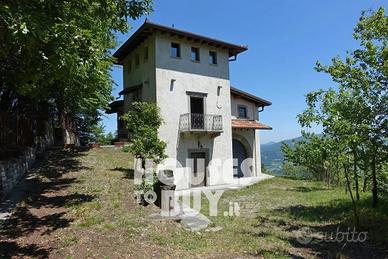 Villa immersa nel verde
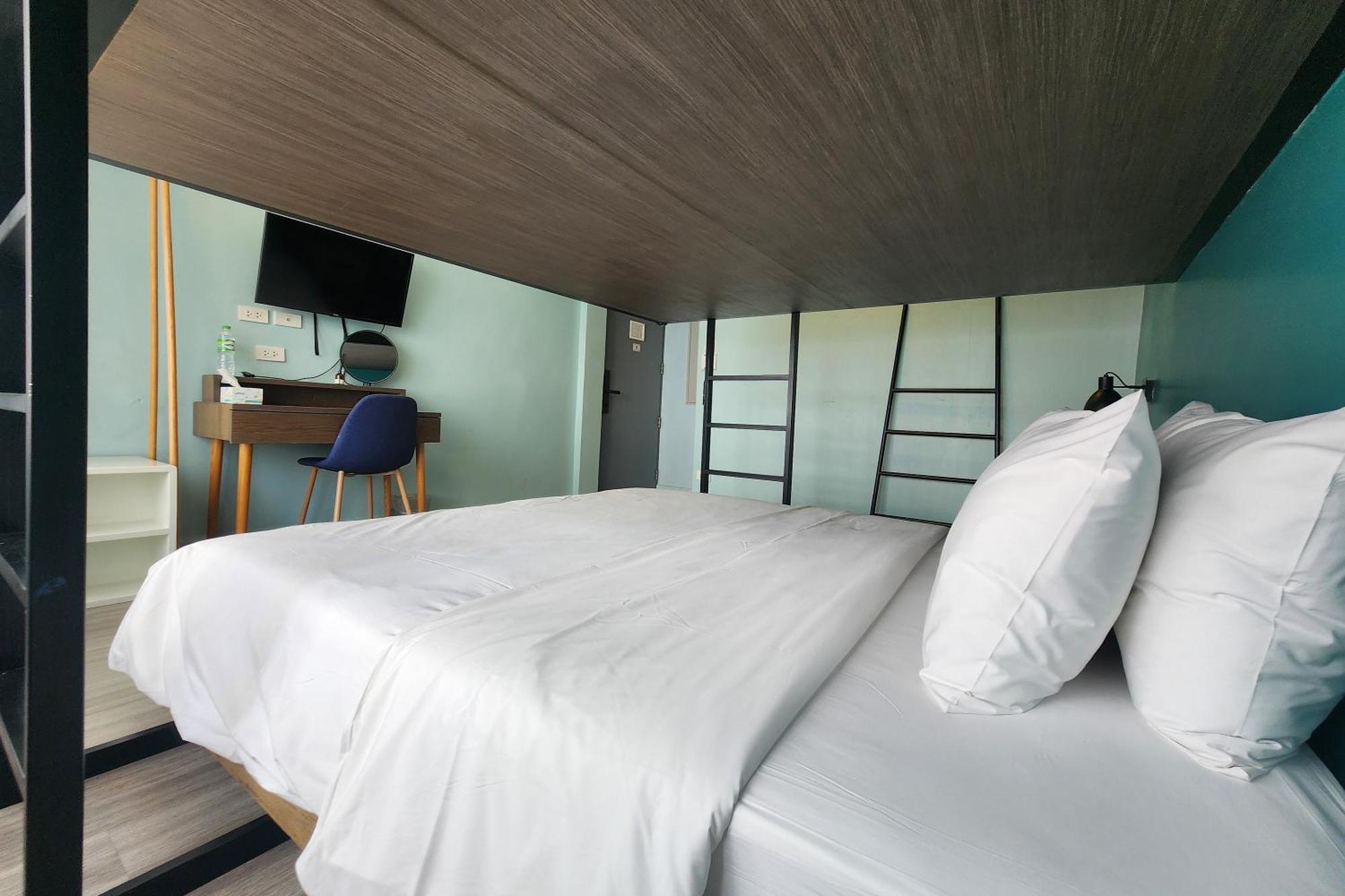 Simply Sleep Hostel Bangkok Exteriör bild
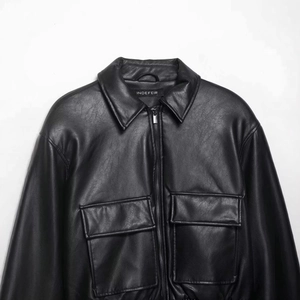 Veste minimaliste en similicuir noir avec grandes poches plaquées et taille côtelée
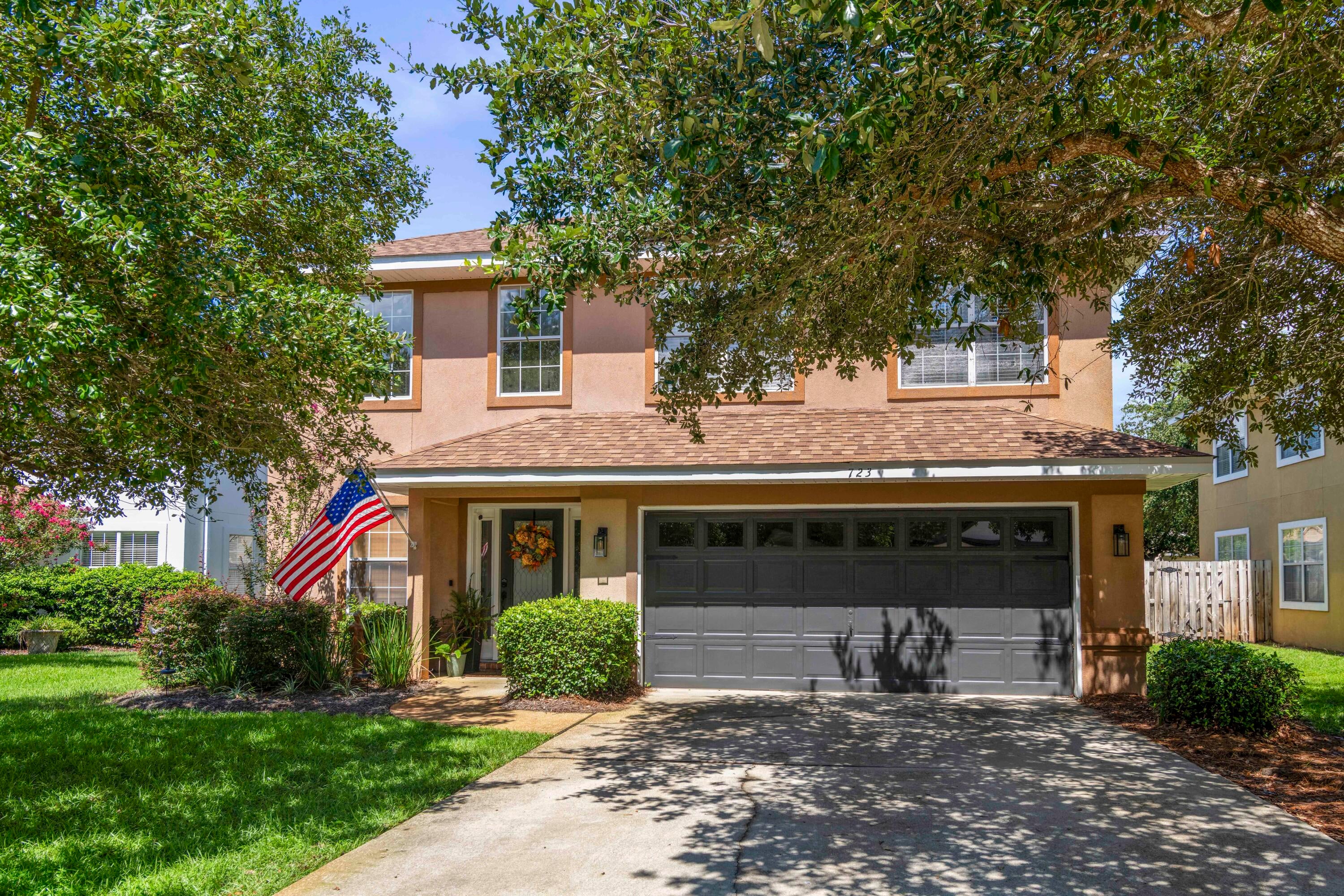 Seller Offering $5k credit to buyer at closing! Beautiful pool home in Driftwood Estates! 
Welcome to this spacious 4-bedroom, 3-bath home located in the desirable community of Driftwood Estates. Featuring an open floor plan and a generously sized living room, this home offers the perfect layout for both everyday living and entertaining.

The kitchen has abundant counter space, and a large eat-in dining area that opens directly to the patio. The spacious primary suite is located upstairs and features a garden tub, separate shower, and double vanity.

Step outside to the large, fenced-in backyard, where a beautiful private pool creates the perfect setting for relaxing, entertaining, and enjoying the Florida lifestyle!

Driftwood Estates is a wonderful community surrounded by the natural beauty of Choctawhatchee Bay and offers numerous ponds, a neighborhood park, and a convenient location close to shopping, restaurants, Sacred Heart Hospital, Grand Boulevard, and more. This home combines spacious living, outdoor enjoyment, and an ideal location all in one great property.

◇ ◇ ◇ ◇ ◇

Assigned task.
Please write out only the material above, exactly, from its first line through the line that contains "Step outside to", and include no pictures.

Task answer.
 Villa immersa nel verde
 Simply Sleep Hostel Bangkok Exteriör bild
 Veste minimaliste en similicuir noir avec grandes poches plaquées et taille côtelée
 Seller Offering $5k credit to buyer at closing! Beautiful pool home in Driftwood Estates! 
Welcome to this spacious 4-bedroom, 3-bath home located in the desirable community of Driftwood Estates. Featuring an open floor plan and a generously sized living room, this home offers the perfect layout for both everyday living and entertaining.

The kitchen has abundant counter space, and a large eat-in dining area that opens directly to the patio. The spacious primary suite is located upstairs and features a garden tub, separate shower, and double vanity.

Step outside to the large, fenced-in backyard, where a beautiful private pool creates the perfect setting for relaxing, entertaining, and enjoying the Florida lifestyle!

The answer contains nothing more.